不死身になっていて、超再生するようになっていてもおかしくないのが爬虫類である。トカゲのしっぽ切りとか言うじゃない。


実際、そういうのを利用して定期的に素材源という名の超凶悪モンスターたちの牙とか血とか胎児を採取して小遣い稼ぎする姉弟子が実在するのを見ているので想像はできる。


流石にゲームとかで黒幕とかラスボスしてるような凶悪モンスターを、ペットの超超巨大触手モンスターに丸呑みさせて、生かさず殺さずで素材源にしてたの見た時はドン引きしたわぁ。



「ん?」


「しくじったでチュ…、まさか、あの構えがブラフだったでチュとは…」



アルジャーノン、生きとったんかワレェ! 白い毛並みの巨大ネズミがよろよろと茂みから姿を現した。


というか、なんで姿を見せたのか。さっさと逃げれば良かったのに。野生に帰ればよかったのに。雉も鳴かずば撃たれまい。



「弓みたいにつがえた方が雰囲気出るからな」


「適当過ぎるでチュよ…。まあ、ここは勝ちを譲ってやるでチュ」


「なんだ、まだ勝ちが拾えるとでも?」


「ッチュッチュッチュ、ゴールデン・ランスヘッド・バイパーの白嬢子さんは十二支の中でも中堅!」


「最弱ではないんだな」


「自分が最弱でチュ」


「謙虚だぜこのネズミ」



つーか、こんなのが四天王どころか12匹もいるのかよ…。これ以上関わりたくない。つーか、十二支だからドラゴンとかいるのだろうか? この世界で?

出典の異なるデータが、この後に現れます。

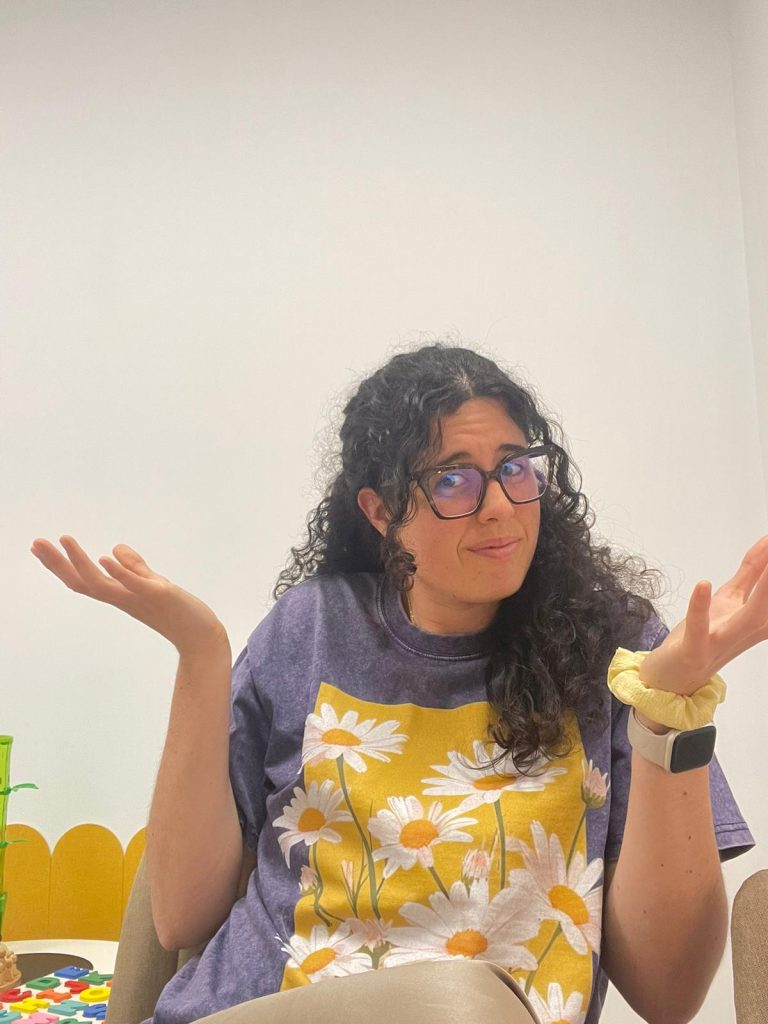 Persona preocupada un domingo por la tarde mientras piensa en las responsabilidades de la semana siguiente.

そんな風に内心嘲笑っていたその時、突如大地が突き上げるように揺らいだ。



「なぁ!?」


「ふっ、リヴァイアさんありがとうでチュ。では、グワイヒアさんお願いするでチュ!」



呆気にとられて油断したその瞬間、巨大な影が唐突に目の前の齧歯類を掴みあげて消え去った。同時に吹きすさぶ強烈な突風。



「ぐっ」



風が収まった後に見上げてみれば、遠く羽ばたく鳶色の翼とそれに捕まる白い齧歯類が点のような大きさになっていた。



「鷲か何かか…。もう音速超えてやがる……」



局所的な地震を起こすような化け物と、音速を超える鳥。なかなかに厄介だが、正直これ以上関わりたくないので視線を外す。



「おーい、生きてるかー?」



向こうから後藤たちが走って追いかけてくるのが見える。春奈がそれに手を振って応えた。

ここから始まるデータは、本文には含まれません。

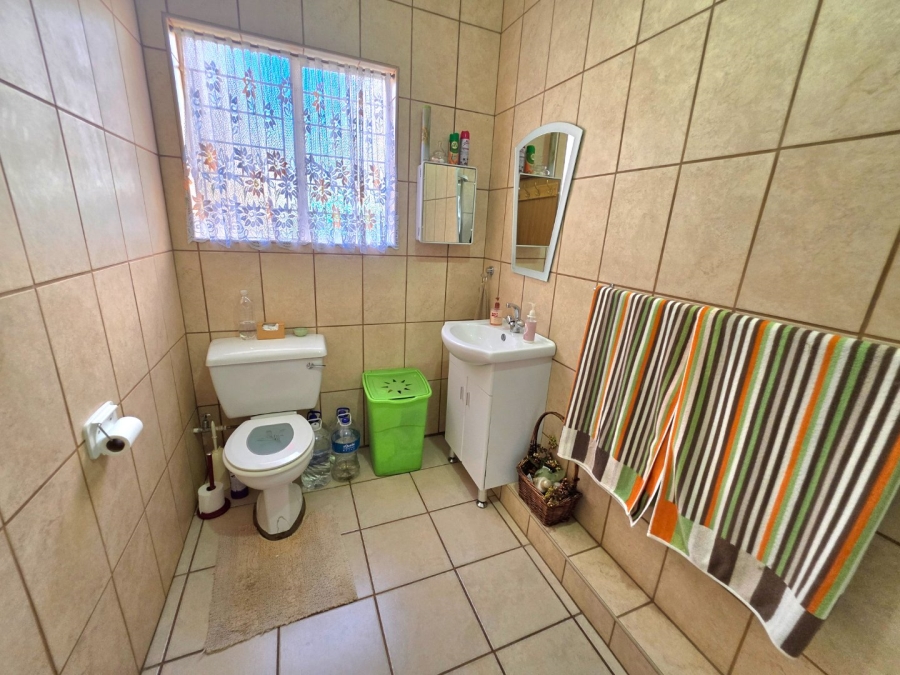 5 Bedroom Property for Sale in Panorama Free State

遠くの病院から立ち上っていた黒い煙は、ようやく細くその勢いを弱めはじめ、この場所を陸の孤島としていた野生動物たちの敵意は既に霧散している。


上空には一機のヘリコプター。魔法的な意味で目の良い私は、そこからこちらを注視するカメラレンズに目を合わす。


面倒くさいことになりそうだなと、ぼんやりと考えた。